I have a long 1-d numpy array with some 10% missing values. I want to change its missing values (np.nan) to other values repeatedly. I know of two ways to do this:
data[np.isnan(data)] = 0 or the function
np.copyto(data, 0, where=np.isnan(data))
Sometimes I want to put zeros there, other times I want to restore the nans.
I thought that recomputing the np.isnan function repeatedly would be slow, and it would be better to save the locations of the nans. Some of the timing results of the code below are counter-intuitive.
I ran the following:
import numpy as np
import sys
print(sys.version)
print(sys.version_info)
print(f'numpy version {np.__version__}')
data = np.random.random(100000)
data[data<0.1] = 0
data[data==0] = np.nan
%timeit missing = np.isnan(data)
%timeit wheremiss = np.where(np.isnan(data))
missing = np.isnan(data)
wheremiss = np.where(np.isnan(data))
print("Use missing list store 0")
%timeit data[missing] = 0
data[data==0] = np.nan
%timeit data[wheremiss] = 0
data[data==0] = np.nan
%timeit np.copyto(data, 0, where=missing)
print("Use isnan function store 0")
data[data==0] = np.nan
%timeit data[np.isnan(data)] = 0
data[data==0] = np.nan
%timeit np.copyto(data, 0, where=np.isnan(data))
print("Use missing list store np.nan")
data[data==0] = np.nan
%timeit data[missing] = np.nan
data[data==0] = np.nan
%timeit data[wheremiss] = np.nan
data[data==0] = np.nan
%timeit np.copyto(data, np.nan, where=missing)

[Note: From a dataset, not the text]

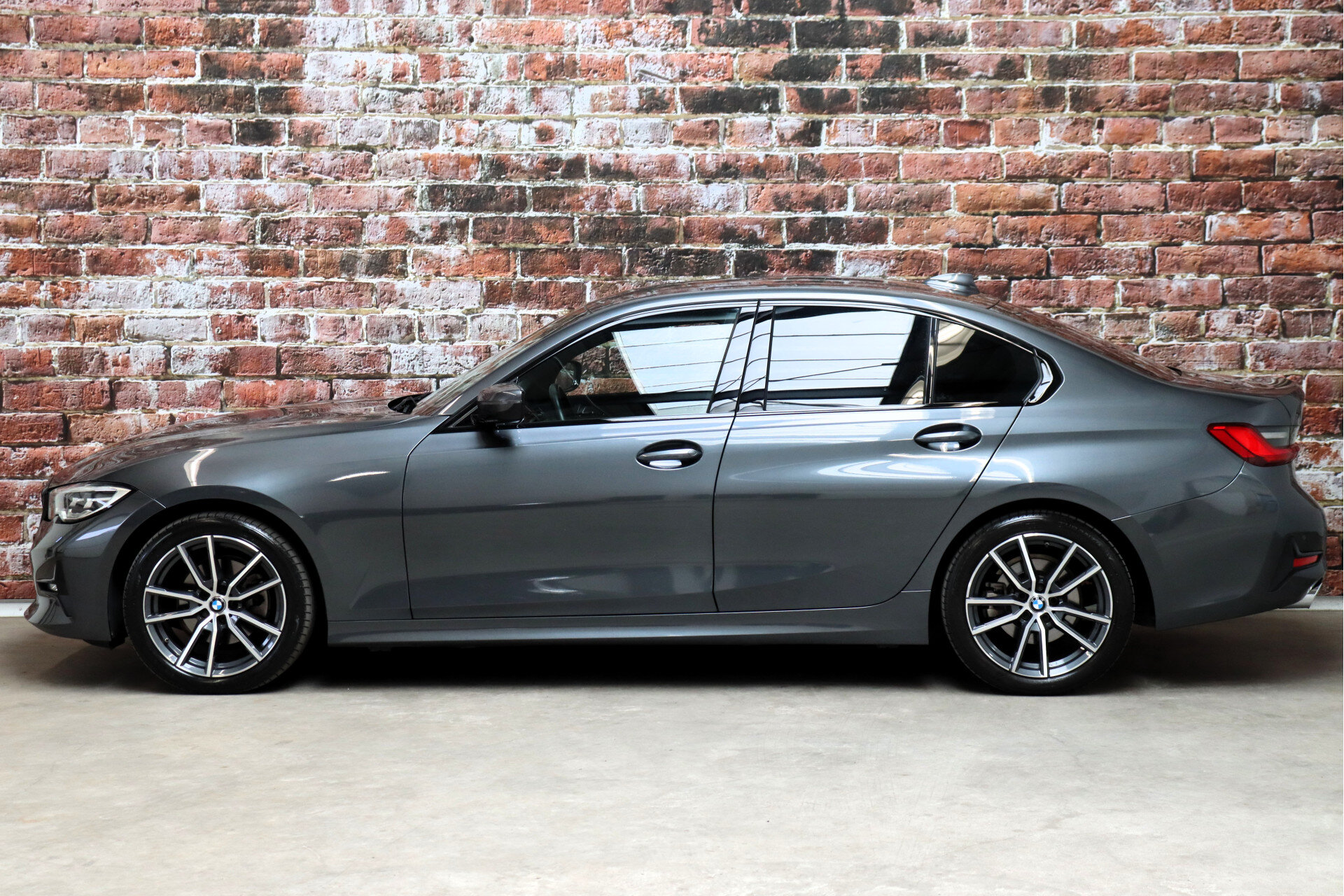 BMW 3 Serie Sedan 320i High Executive Sport Line Automaat - Afbeelding 3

print("Use isnan function store np.nan")
data[data==0] = np.nan
%timeit data[np.isnan(data)] = np.nan
data[data==0] = np.nan
%timeit np.copyto(data, np.nan, where=np.isnan(data))
And I got the following output (I have taken the liberty to add numbers to the timing lines, so that I can refer to them later):
3.7.3 | packaged by conda-forge | (default, Jul 1 2019, 22:01:29) [MSC v.1900 64 bit (AMD64)]
sys.version_info(major=3, minor=7, micro=3, releaselevel='final', serial=0)
numpy version 1.17.1
01. 30 µs ± 2.68 µs per loop (mean ± std. dev. of 7 runs, 10000 loops each)
02. 219 µs ± 24.9 µs per loop (mean ± std. dev. of 7 runs, 1000 loops each)
Use missing list store 0
03. 339 µs ± 23.8 µs per loop (mean ± std. dev. of 7 runs, 1000 loops each)
04. 26 µs ± 1.92 µs per loop (mean ± std. dev. of 7 runs, 10000 loops each)
05. 287 µs ± 26.8 µs per loop (mean ± std. dev. of 7 runs, 1000 loops each)
Use isnan function store 0
06. 38.5 µs ± 2.76 µs per loop (mean ± std. dev. of 7 runs, 10000 loops each)
07. 43.8 µs ± 4.67 µs per loop (mean ± std. dev. of 7 runs, 10000 loops each)
Use missing list store np.nan
08. 328 µs ± 30.1 µs per loop (mean ± std. dev. of 7 runs, 1000 loops each)
09. 24.8 µs ± 2.03 µs per loop (mean ± std. dev. of 7 runs, 10000 loops each)
10. 322 µs ± 30 µs per loop (mean ± std. dev. of 7 runs, 1000 loops each)
Use isnan function store np.nan
11. 356 µs ± 31.4 µs per loop (mean ± std. dev. of 7 runs, 1000 loops each)
12. 300 µs ± 4.29 µs per loop (mean ± std. dev. of 7 runs, 1000 loops each)
So here is the first question. Why would it take nearly 10 times longer to store a np.nan than to store a 0? (compare lines 6 and 7 vs. lines 11 and 12)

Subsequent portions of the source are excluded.